··· Provided data

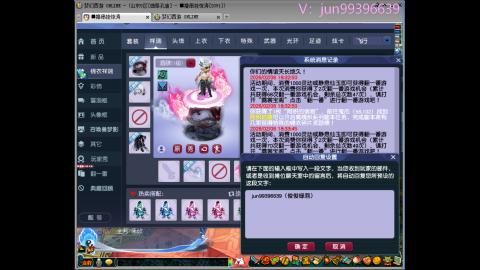 jie新春施法攻击称谓特效/奇袭动画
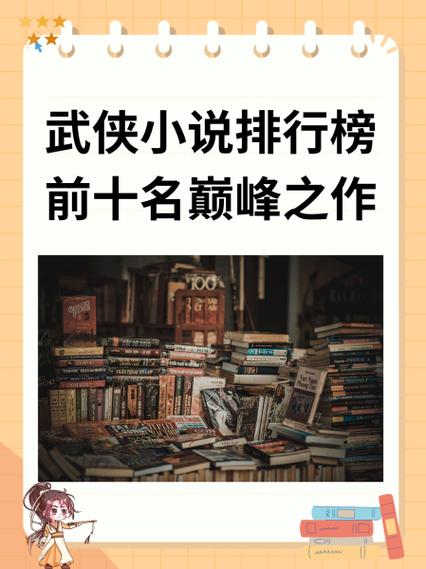袖侧十部巅峰之作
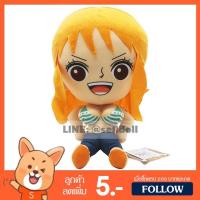 ราคา ตุ๊กตา นามิ วันพีช (ขนาด 13,18 นิ้ว) ลิขสิทธิ์แท้ / ตุ๊กตา Nami Onepiece ของเล่นเด็ก กลุ่ม ลูฟี่ Luffy ช็อปเปอร์ Chopper โซโล Zoro (1761409820)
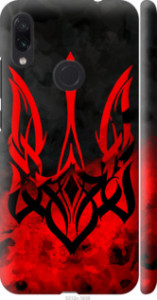 Чехол Герб Украины v2 для Xiaomi Redmi Note 7 Pro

······

## Work order:
Repeat the material above in full and exactly, apart from the pictures.

## Response below:
 jie新春施法攻击称谓特效/奇袭动画
袖侧十部巅峰之作
 ราคา ตุ๊กตา นามิ วันพีช (ขนาด 13,18 นิ้ว) ลิขสิทธิ์แท้ / ตุ๊กตา Nami Onepiece ของเล่นเด็ก กลุ่ม ลูฟี่ Luffy ช็อปเปอร์ Chopper โซโล Zoro (1761409820)
 Чехол Герб Украины v2 для Xiaomi Redmi Note 7 Pro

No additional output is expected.